3. Create an Acrobat Catalog index file with custom field support


From here on you will need Adobe Acrobat Pro, which comes with the "Catalog" product. In this presentation we are using Acrobat 8.0 Pro, but this functionality did not change essentially since 6.0. Screen shots might look different
from version to version.

Open up your TOC pdf file (that will also be used as the "Autorun" file from a CD or DVD) and create the index. This option is available from the "Advanced" menu:



Create a new index and fill out the available slots and boxes in a logical fashion. Add the folder where the PDF files are collected! Now we must pay attention to the "Options" button. Here is the place where you can set up Abobe Catalog to recognize the embedded metadata fields in our PDF files.



You will now add all the fields that were set up in ELAN Capture's Index settings.
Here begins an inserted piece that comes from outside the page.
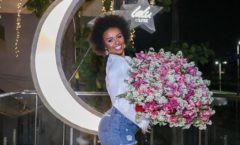 Ex-BBB Natália Deodato recebe flores de admirador secreto em Nova Iguaçu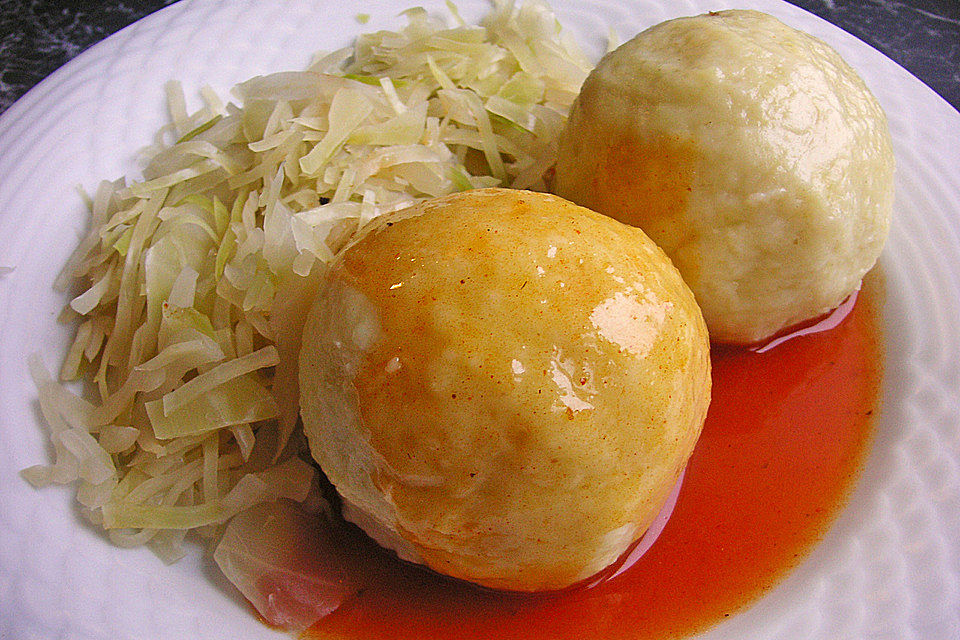 Österreichische Wurstknödel aus Kartoffelteig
You might conveniently open Capture and copy and paste the field values right from the setup dialogs. After finished, our Custom Properties dialog will look like this:



The "Build" catalog is the next step that should take just a quick moment and with that we have finished the index building operation.

Note: whenever new files are added (presumed with the same metadata structure) a re-indexing is needed. Just press the "Rebuild" button instead.

4. Designate a Table of Contents PDF file and attach the index file to it


There is one more task left over: attach the generated index to your TOC PDF file. This option is available form "File" -> "Properties" (Crtl+D) -> Advanced TAB -> PDF Settings -> Search Index -> Browse. Here you will navigate to the index file, save your dialog and the PDF file.

With this we have accomplished that the user can invoke a search for all of the PDF files in the folder structure, because the index is already attached to the file.  We will see this reason in the last step that follows. If you move this file and the index file itself, it is still OK, because internally the path to the indexes are stored with relative path.


5. Educate your users how to search.


Unfortunately, the advanced search interface is not too intuitive, so you will need to provide some help with using this capability. Hera are the steps:


Use the menu Edit -> Search (Ctrl+Shft+F) that will give you this or similar dialog:



You can get to this dialog by the "Search" (not the "Find"!!) icon or control on the Adobe Acrobat Reader toolbar.

Next step: Click on the "Use Advanced Search Options":



This is the ultimate search screen that your users should arrive. Please study the screen and experiment with selecting a metadata field and just search for that value, search for multiple values or a combination of Full Text Search and Metadata search. The search capability is very powerful , fast and easy fro this point.